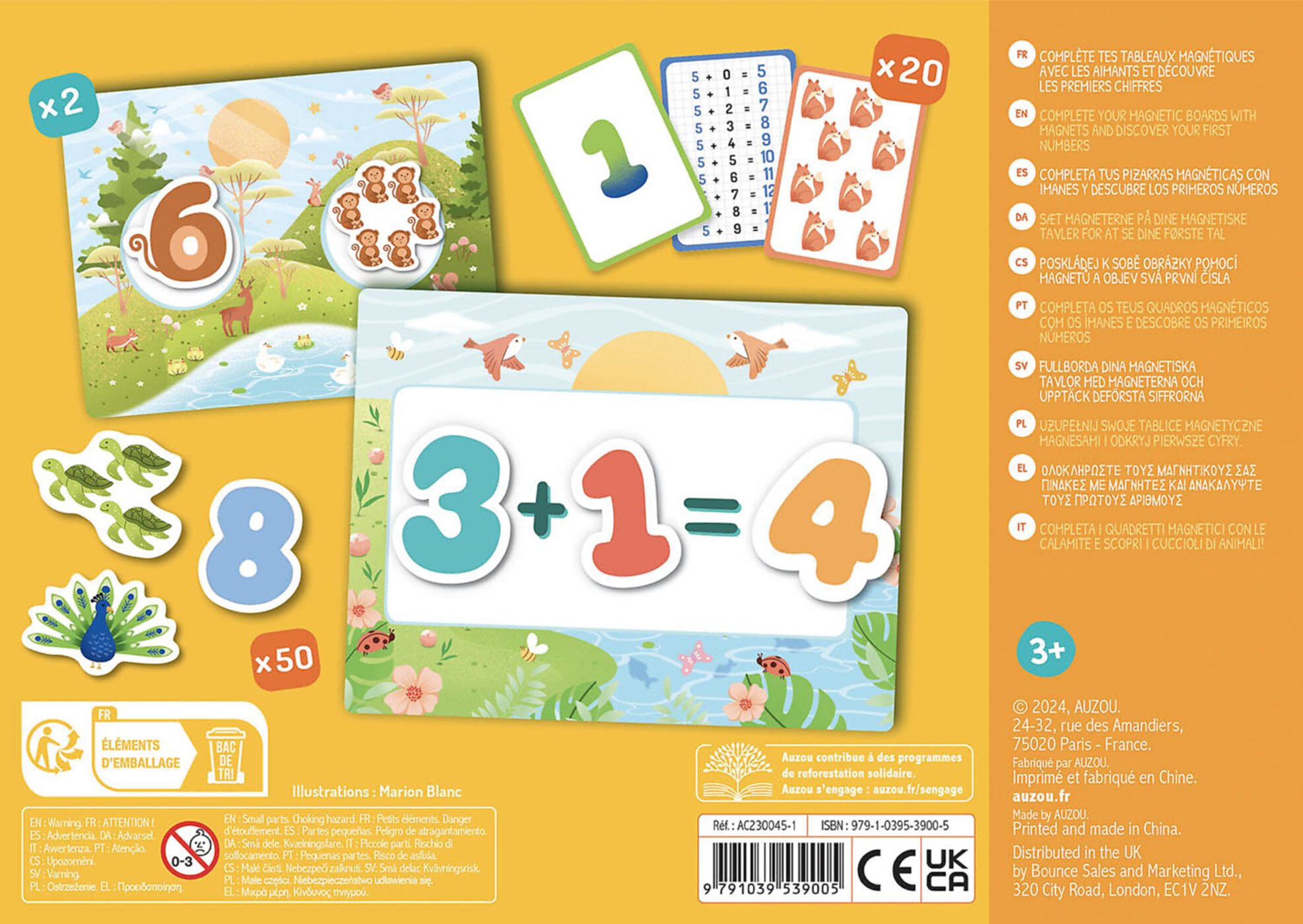 Mon Petit Coffret Aimanté - Mes Premiers Chiffres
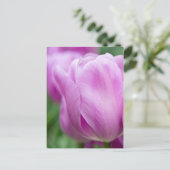 Close-up van tulp briefkaart (Staand voorkant)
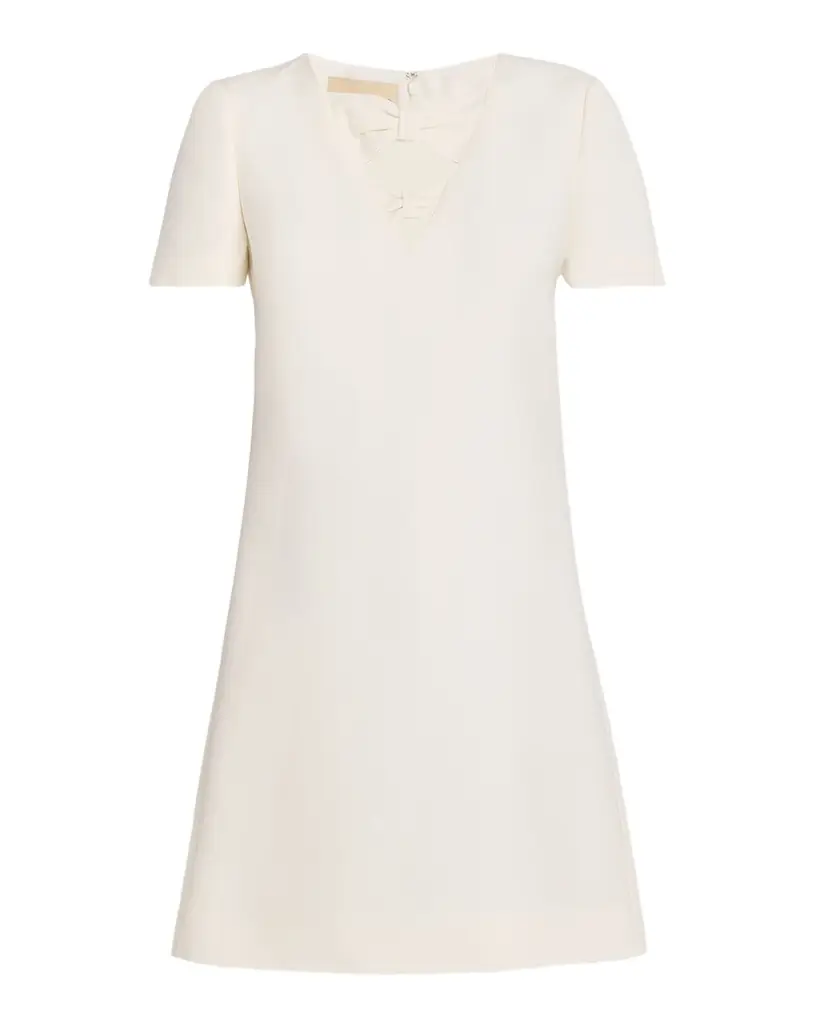 Valentino Garavani Bow Cutout Short-Sleeve Mini Dress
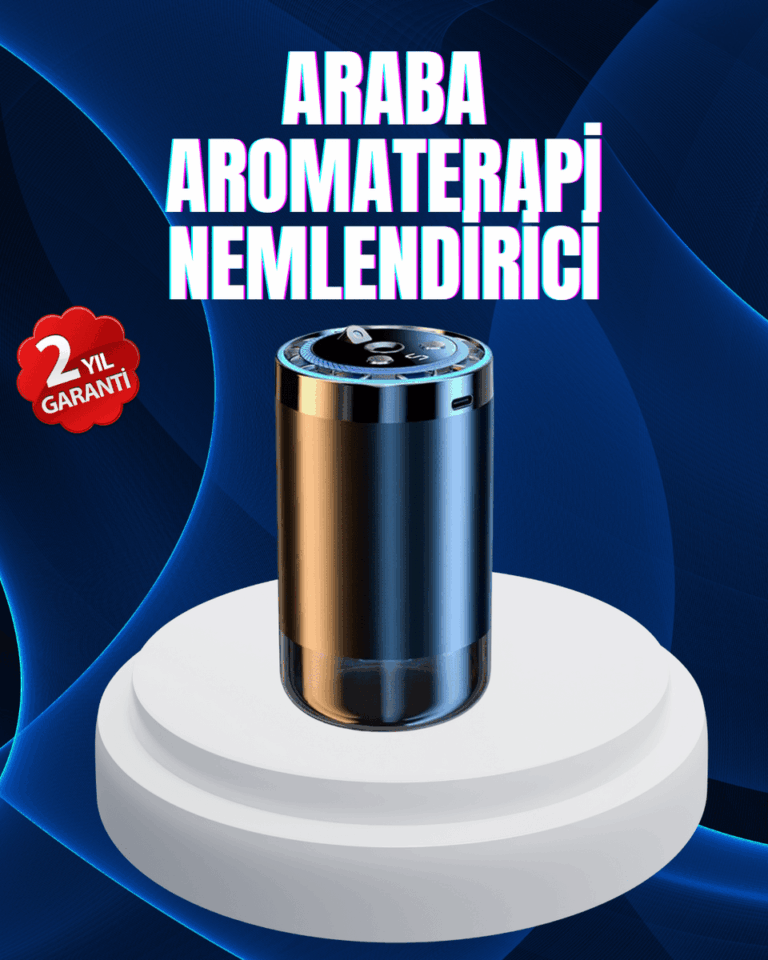 Nemlendirme ve Aromaterapi Özellikli Yıldız Işıklı Difüzör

Task directions ▸ In your copy of the material, match every word exactly and include no pictures.

Exercise solution ▸
 Mon Petit Coffret Aimanté - Mes Premiers Chiffres
 Close-up van tulp briefkaart (Staand voorkant)
 Valentino Garavani Bow Cutout Short-Sleeve Mini Dress
 Nemlendirme ve Aromaterapi Özellikli Yıldız Işıklı Difüzör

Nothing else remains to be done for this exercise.